# Plans and advice for a 2 person cart?



## Dreamchaser (Oct 30, 2008)

I want to make a cart that can hold me and/or my husband, and have 1 or 2 goats (possibly more if needed?) pulling the cart.

Okay, I know I am new to this goat thing, but I have been told that if you can train a horse, you can train a goat. So.... anybody with much knowledge on these subjects, please post for me. I'd rather have goats pulling a cart than a pony or donkey.

I have a medium/larger alpine, and a small nubian (a little larger than a pygmy) Obviously, the smaller goat could not pull by herself, and I don't want my alpine to pull it alone either.

any info and esspecially any plans for this would be appreciated, I haven't found much online for a 2 seater.

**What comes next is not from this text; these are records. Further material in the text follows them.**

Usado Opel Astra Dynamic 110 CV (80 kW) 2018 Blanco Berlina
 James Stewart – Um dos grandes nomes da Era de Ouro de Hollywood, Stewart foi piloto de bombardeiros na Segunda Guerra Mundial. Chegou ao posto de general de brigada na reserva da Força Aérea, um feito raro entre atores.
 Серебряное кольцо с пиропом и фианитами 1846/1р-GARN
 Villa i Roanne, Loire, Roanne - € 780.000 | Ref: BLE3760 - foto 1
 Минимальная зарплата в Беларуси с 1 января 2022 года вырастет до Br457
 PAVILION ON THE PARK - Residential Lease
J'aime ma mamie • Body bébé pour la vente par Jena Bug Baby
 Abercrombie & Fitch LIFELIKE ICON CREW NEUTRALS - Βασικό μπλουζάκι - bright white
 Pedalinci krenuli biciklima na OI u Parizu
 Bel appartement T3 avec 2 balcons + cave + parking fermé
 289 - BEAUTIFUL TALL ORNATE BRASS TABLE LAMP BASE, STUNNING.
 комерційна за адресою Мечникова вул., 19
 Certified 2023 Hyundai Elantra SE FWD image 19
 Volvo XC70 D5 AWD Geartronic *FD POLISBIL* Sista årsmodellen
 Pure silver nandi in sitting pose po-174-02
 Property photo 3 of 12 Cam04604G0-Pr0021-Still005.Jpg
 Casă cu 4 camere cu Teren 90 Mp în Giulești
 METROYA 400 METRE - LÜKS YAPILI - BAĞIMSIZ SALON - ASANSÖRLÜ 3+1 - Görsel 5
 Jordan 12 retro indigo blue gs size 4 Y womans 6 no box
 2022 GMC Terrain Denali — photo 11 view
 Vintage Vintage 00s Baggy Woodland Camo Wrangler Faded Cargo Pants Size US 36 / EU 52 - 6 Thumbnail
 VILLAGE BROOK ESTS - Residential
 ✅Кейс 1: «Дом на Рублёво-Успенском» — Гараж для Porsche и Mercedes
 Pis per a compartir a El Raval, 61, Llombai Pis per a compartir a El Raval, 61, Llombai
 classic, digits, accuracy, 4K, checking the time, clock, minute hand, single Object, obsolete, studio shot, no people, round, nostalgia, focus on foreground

Also, my thought for a lightweight cart was to bolt 2 aluminum lawn chair frames together to start with. Has anyone done this?


----------



## Ariel301 (Oct 13, 2009)

If your goats are two different heights, they won't work well harnessed together I think. I know when putting together horse driving teams, the horses need to be within a couple of inches of the same height, the closer the better. Otherwise the weight of the load is distributed unevenly.


----------



## Shelly Borg (Nov 2, 2009)

With the goats you have I would go with 2 carts. We are building one right now out of a wagon with huge wheels.


----------



## Graffogefarms (Oct 11, 2007)

TBH - I don't think I would have any milk doe pull, I know they can, but a hemaprodite or a wether is best, as they are larger and stronger. I haven't had my bunch do any adults yet - though some kids are probably as heavy. Right now having feet trouble so none are working, mud, mud mud! Anyway, you would be best having ones that are evenly sized to pull as a team.


----------



## Feathers-N-Fur (Oct 29, 2009)

http://www.goatworld.com/articles/purpo ... cart.shtml

I took an introductory driving class from the gentleman who developed this plan. The Saanen wether you see in the top picture is a huge boy. This cart does hold 2 people comfortably. He even took a bride to her wedding in this cart. If you are in the Northwest he builds and sells this cart too. He also makes the driving goat bits that are sold by www.llamaproducts.com.


----------



## Dreamchaser (Oct 30, 2008)

I do not live in the Northwest, but my parents do.  My nubian doe has grown since I first posted this though, she will probably be much taller than my alpine! I am designing a 2 person goat cart, it will be made of fiberglass. It will have to have a few goats to pull it, but if the goat man can do it, so can I!


----------



## Paige (Oct 14, 2010)

Dont feel bad for your goats. One goat can pull about one and a half to twice its own weight so a 150 lb goat can pull around 300 lbs. Even a 70 lb pygmy goats can pull around 140 lbs. :cart:


----------